Supplied records:
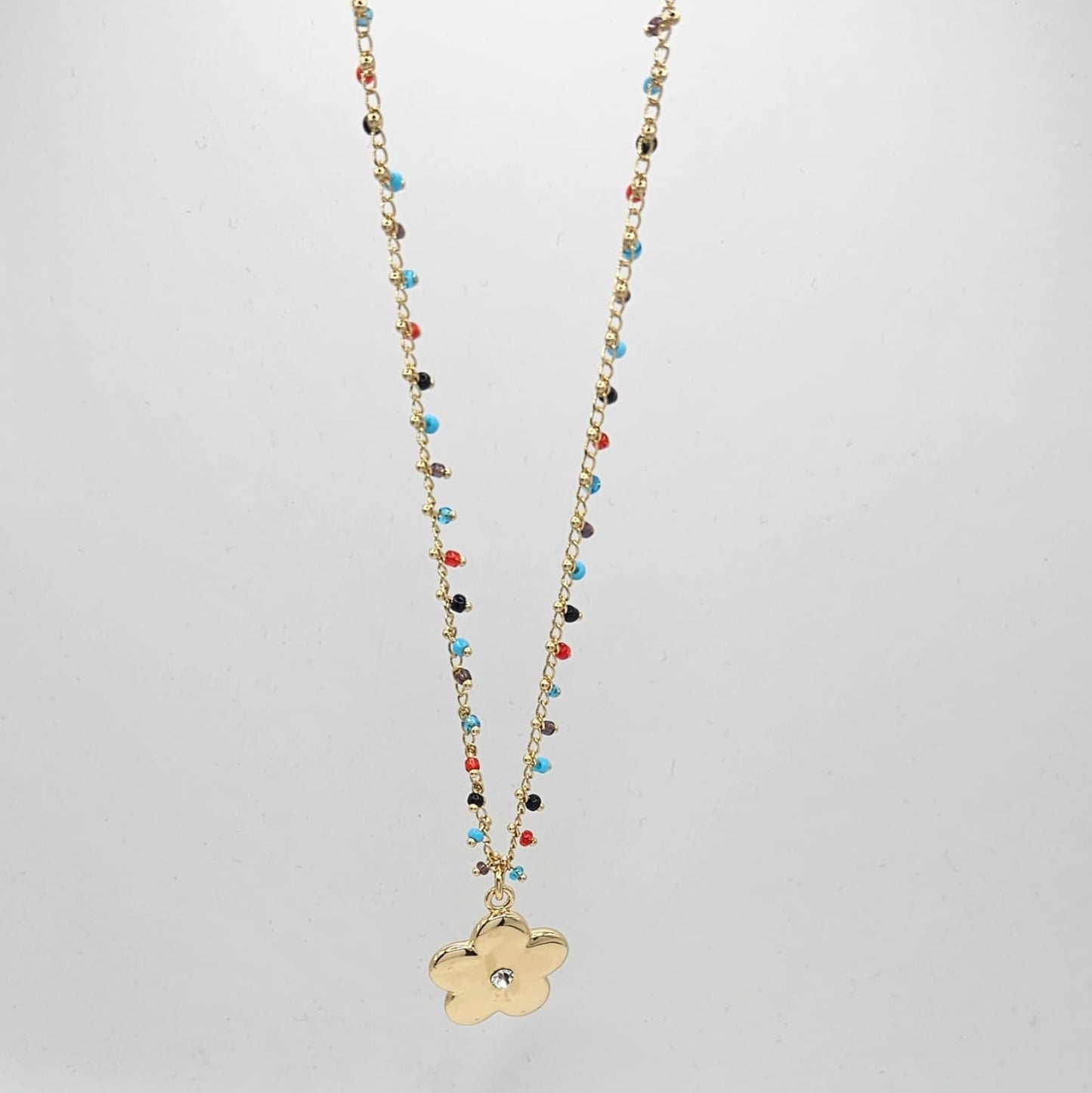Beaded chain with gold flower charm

...

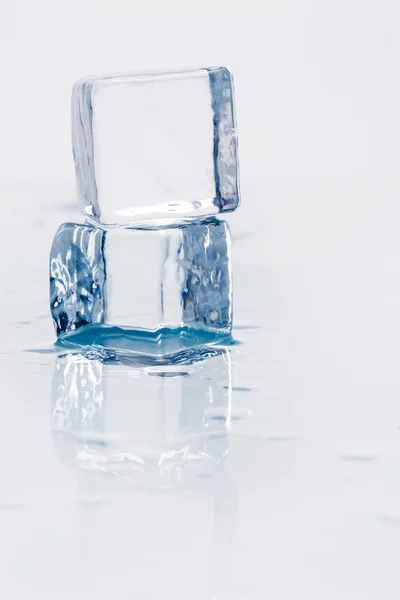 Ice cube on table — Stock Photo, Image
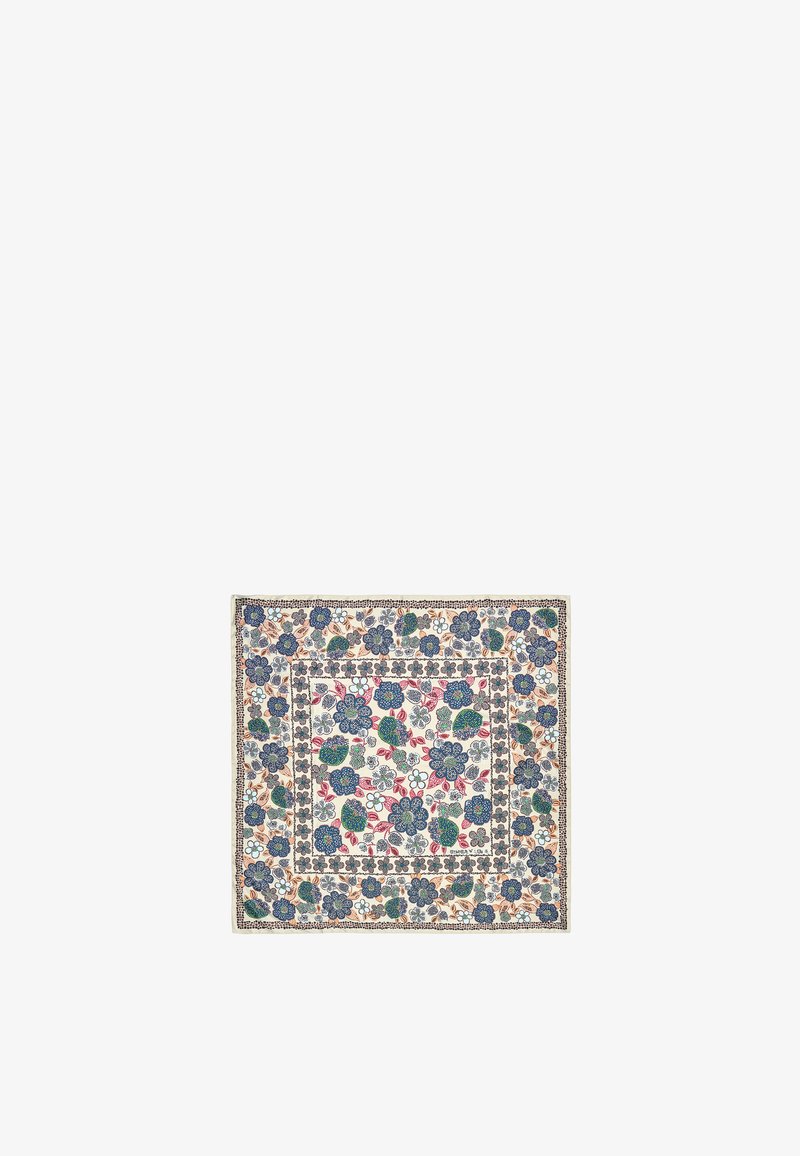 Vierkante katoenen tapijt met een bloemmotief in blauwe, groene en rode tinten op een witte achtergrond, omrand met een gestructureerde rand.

...

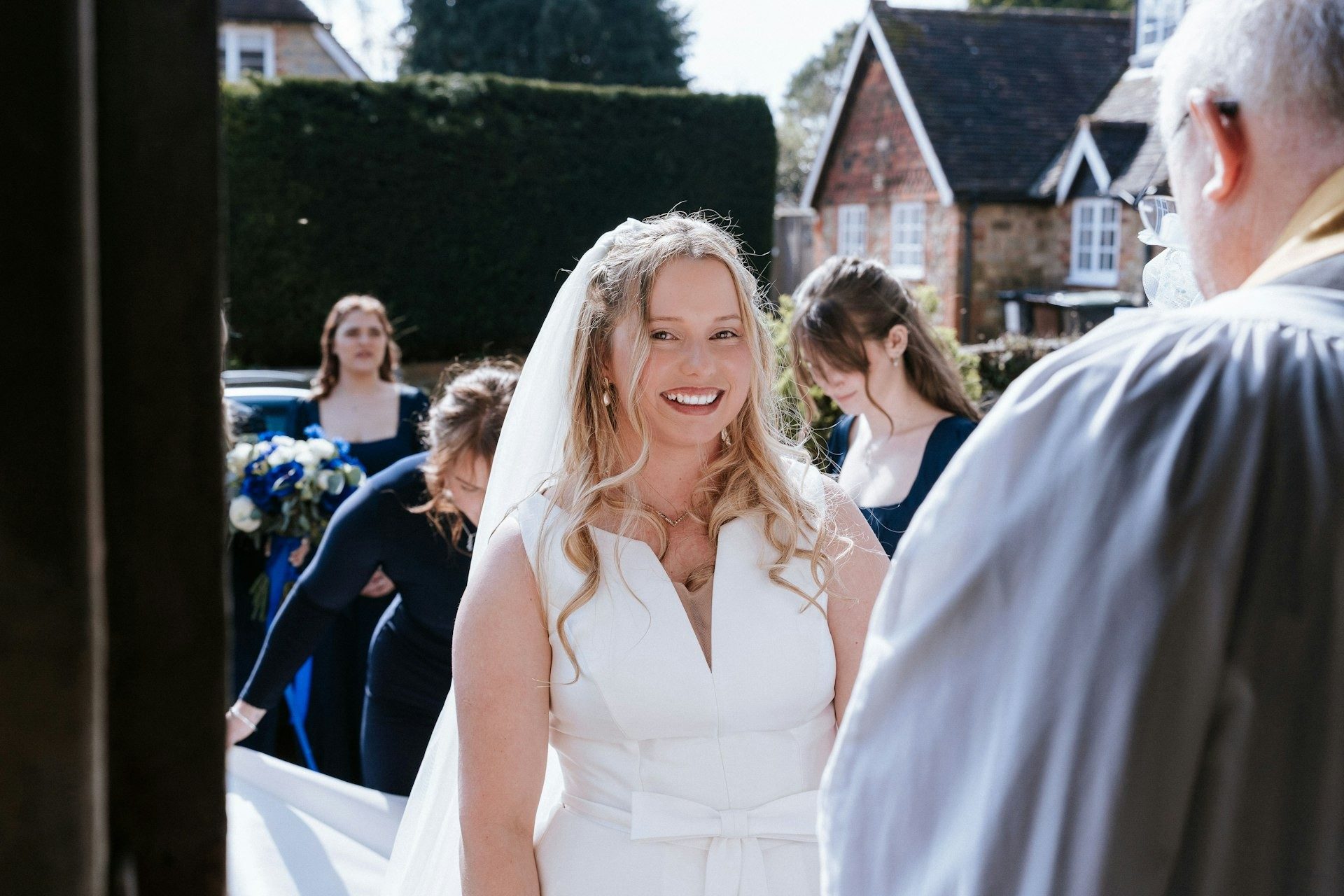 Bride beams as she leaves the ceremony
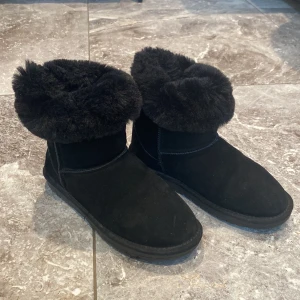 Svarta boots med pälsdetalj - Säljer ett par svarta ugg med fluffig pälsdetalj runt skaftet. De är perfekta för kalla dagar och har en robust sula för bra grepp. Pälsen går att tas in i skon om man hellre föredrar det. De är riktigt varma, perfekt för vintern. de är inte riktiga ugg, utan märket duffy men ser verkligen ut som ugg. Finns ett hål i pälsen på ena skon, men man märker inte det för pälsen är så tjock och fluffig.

Task directions: The answer should consist only of the lines above from the one with "Ice cube on table — Stock Photo, Image" through the one with "Vierkante katoenen tapijt", repeated exactly, with no pictures among them.

Exercise solution:
 Ice cube on table — Stock Photo, Image
 Vierkante katoenen tapijt met een bloemmotief in blauwe, groene en rode tinten op een witte achtergrond, omrand met een gestructureerde rand.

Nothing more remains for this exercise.